Check the balcony and terrace rules first

By Tom Bacon

In a recent VCAT decision, a lot owner in a Docklands building has been ordered to remove shade sails and a permanently-affixed clothesline from his terrace, in breach of the rules of the owners’ corporation (OC).

The shade sails were installed by the owner shortly after purchasing the lot. The owner claimed that the sails were to prevent cigarette butts, debris and glass from units above him striking the terrace and potentially causing injury and damage.

VCAT found, however, that the rules of the owners’ corporation were clear that permission was required from all relevant authorities such as the council and from the OC before the works to install the structures could proceed.

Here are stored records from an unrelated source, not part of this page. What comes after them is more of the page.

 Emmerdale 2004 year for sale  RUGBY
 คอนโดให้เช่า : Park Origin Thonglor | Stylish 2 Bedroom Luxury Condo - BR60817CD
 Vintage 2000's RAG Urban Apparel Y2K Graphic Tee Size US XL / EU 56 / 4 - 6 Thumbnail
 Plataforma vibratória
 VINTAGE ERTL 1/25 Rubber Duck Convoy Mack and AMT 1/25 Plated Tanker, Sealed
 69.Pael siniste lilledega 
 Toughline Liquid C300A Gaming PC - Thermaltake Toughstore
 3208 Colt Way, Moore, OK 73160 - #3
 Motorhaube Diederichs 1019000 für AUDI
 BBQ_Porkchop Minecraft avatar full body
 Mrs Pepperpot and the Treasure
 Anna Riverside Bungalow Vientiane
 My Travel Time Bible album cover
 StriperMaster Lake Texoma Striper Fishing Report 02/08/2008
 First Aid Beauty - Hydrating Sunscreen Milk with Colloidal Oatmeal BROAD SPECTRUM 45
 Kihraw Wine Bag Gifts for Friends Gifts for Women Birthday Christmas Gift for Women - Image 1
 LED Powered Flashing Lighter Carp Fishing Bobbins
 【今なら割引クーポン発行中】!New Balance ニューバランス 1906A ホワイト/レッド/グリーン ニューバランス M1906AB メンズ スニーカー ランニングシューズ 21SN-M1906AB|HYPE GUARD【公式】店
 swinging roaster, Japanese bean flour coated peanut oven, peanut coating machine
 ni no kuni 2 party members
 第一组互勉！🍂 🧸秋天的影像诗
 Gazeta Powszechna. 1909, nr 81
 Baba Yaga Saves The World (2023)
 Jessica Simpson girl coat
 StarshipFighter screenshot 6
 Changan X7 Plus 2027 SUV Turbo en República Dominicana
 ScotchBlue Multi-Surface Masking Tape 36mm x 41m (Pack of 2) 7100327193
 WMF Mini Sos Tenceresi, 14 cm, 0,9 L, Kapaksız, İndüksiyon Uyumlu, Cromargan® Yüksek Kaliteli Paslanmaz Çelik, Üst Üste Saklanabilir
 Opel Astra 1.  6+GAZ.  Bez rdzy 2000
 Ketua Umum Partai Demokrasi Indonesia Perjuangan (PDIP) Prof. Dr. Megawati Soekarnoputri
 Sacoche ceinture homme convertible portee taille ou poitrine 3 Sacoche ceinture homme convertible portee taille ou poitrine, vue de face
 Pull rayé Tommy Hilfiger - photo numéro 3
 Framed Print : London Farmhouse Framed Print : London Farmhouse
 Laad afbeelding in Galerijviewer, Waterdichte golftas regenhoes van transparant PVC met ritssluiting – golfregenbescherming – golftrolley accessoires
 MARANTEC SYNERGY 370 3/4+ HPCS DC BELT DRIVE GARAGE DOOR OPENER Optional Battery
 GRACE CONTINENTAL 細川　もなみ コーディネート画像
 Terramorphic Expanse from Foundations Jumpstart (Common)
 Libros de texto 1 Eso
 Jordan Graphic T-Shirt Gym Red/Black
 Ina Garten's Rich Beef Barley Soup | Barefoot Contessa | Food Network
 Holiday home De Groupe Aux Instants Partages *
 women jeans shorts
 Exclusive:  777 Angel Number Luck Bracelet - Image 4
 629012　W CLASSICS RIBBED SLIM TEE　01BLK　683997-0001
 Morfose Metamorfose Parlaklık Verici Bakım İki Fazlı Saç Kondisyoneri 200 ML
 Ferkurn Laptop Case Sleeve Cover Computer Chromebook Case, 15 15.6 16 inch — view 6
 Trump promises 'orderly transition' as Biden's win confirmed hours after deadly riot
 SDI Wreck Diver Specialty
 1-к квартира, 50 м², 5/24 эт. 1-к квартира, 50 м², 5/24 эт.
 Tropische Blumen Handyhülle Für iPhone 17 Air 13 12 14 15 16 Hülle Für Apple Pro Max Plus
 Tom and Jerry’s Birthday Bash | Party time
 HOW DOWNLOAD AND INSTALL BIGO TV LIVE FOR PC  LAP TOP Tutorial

The OC and VCAT were concerned with the fact that other owners in the building that looked out on the shade sails might suffer an adverse amenity effect. Furthermore, the precedent effect was taken into account in that other owners might be emboldened to install their own structures should they be allowed to remain in place.

Accordingly, VCAT ordered the removal of the shade sails and clothesline forthwith.

The case raises an interesting question about a lot owner’s right to take proactive action to protect their lot (and seemingly themselves and their guests) from rubbish and debris falling from above. Ultimately, while there might be legitimate concerns about safety, the OC rules nevertheless prevail.

The lot owner made enquiries about his rights to install these structures prior to purchase with the OC manager and was told that he would not be able to proceed with the structures without a special resolution.

Ultimately the lot owner took his own view that the legislation and the rules did not apply to his situation and installed the additions regardless.

Indeed, all lot owners and owners’ corporations in Victoria should learn from this case, especially given the cost involved between these two parties from a three-day hearing with lawyers on both sides and with multiple witnesses being called to give evidence and be subject to cross examination.

VCAT found that the lot owner’s failure to take specialist independent legal advice prior to purchase counted against his position.

In addition, I would add that specialist building surveyor advice should also be provided as the interface between common property. Lot boundaries are difficult to determine and, indeed, the principles of interpretation for finding common property boundaries are uncertain and, frankly, are a dog’s breakfast. Other states and territories have clear and unambiguous statutory definitions of lot and common property boundaries. Legislators in Victoria – take note and take action.

Owners and potential purchasers need to be aware when deciding to live in ground floor or podium level apartments that there are massive risks from flying debris and rubbish from above. Unless there is a very widespread support from all owners to make changes to the common property (assuming that the architect of the building and the local council approve of the changes) then it is unlikely that much can be done for an owner or resident in this situation.

This VCAT decision confirms that invoking a self-help remedy to mitigate the risk of damage can also land you in hot water.

Remember – always check, check and check again.